Un modo de reparar una niñez rota es permitir que Dios reemplace la figura paterna. Cuando eras pequeña, no tenías más remedio que depender del amor de tus padres... y sufrir cuando carecías de él o éste adoptaba formas destructivas. Sin embargo, ya no eres una niña y puedes rehacer tu infancia recordando de Quién eres hija en realidad.
Al comprender que eres hija de Dios (reconociendo el amor y la compasión inquebrantables que la Divinidad te profesa en cada momento del día) empezarás a demostrar una actitud hacia tu verdadero yo más parecida a la Suya. Ya no tienes que imitar la desatención que sufriste, basta con que copies el amor que Dios te profesa.
A medida que restablezcas el vínculo con Dios que algún conflicto de infancia interrumpió, tu mente empezará a rechazar los pensamientos que te debilitan y a albergar ideas que te fortalezcan. Aprenderás a prestarte atención, y en cuanto lo consigas, abandonarás la conducta autodestructiva. Al instante de adquirir un compromiso contigo misma, empezarás a alimentarte correctamente. Sucederá de manera natural. El apetito que surge del desamor caerá como hoja de otoño al final de la estación.
Se trata de que readoptes el compromiso de creer que, cuando naciste, el vínculo con tu verdadero yo estaba intacto; tal vez las malas experiencias hayan roto la conexión, pero en la mente de Dios sigue existiendo. En Alcohólicos Anónimos hablan del «contacto consciente». Tu contacto con la Divinidad sigue ahí, sólo que ya no es consciente. Y al traerlo de vuelta a tu conciencia, experimentarás un gesto de reconexión. Como un enchufe que cae al suelo, tu mente necesita que vuelvas a enchufarla en la toma de corriente que promueve el verdadero sentido del yo.

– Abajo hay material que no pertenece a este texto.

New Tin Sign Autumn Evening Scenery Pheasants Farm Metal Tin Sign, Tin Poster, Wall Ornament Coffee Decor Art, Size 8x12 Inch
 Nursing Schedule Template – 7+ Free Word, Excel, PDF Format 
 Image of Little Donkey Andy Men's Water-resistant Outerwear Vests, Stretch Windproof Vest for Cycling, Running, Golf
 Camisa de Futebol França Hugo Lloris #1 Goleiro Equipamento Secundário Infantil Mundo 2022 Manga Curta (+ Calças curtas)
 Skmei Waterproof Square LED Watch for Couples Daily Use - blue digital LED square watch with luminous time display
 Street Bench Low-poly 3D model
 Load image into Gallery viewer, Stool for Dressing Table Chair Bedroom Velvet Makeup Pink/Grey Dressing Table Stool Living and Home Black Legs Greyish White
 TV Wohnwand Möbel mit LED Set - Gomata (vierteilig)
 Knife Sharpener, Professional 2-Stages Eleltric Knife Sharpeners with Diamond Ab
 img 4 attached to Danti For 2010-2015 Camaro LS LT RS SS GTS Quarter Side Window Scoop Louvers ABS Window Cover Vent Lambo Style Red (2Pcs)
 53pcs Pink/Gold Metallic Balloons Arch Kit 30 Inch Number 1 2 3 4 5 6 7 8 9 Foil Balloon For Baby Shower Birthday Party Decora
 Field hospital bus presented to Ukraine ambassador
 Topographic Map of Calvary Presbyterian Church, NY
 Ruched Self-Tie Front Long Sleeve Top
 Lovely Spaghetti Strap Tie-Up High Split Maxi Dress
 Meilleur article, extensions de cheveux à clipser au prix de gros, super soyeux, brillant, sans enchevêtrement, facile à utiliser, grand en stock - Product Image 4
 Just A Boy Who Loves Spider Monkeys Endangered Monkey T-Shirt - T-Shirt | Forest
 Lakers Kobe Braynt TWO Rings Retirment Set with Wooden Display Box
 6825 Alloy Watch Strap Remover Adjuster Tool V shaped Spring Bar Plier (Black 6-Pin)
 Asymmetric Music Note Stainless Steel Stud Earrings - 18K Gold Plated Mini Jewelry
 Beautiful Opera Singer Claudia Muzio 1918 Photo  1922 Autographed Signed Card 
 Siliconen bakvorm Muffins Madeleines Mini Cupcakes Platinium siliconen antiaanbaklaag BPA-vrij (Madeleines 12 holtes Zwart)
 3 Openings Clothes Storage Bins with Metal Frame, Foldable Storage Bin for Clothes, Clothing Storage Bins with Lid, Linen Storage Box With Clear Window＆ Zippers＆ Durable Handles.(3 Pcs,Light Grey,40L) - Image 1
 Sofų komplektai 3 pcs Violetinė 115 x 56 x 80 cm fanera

Todo ser humano, dado su origen divino, tiende de forma natural hacia la conexión, la creatividad y la alegría. Ese gesto fluye de forma natural en la experiencia humana, igual que el capullo de rosa tiende por sí mismo hacia la plenitud de la flor. La diferencia entre la rosa y tú radica en que, como ser humano, tú puedes elegir si quieres florecer o no. Si el capullo de rosa fuera capaz, de algún modo, de negar a la flor el derecho a manifestarse, ¿qué pasaría con la energía que lo impulsa a florecer? ¿Se destruiría? ¿Desaparecería? No, porque la energía no se puede destruir.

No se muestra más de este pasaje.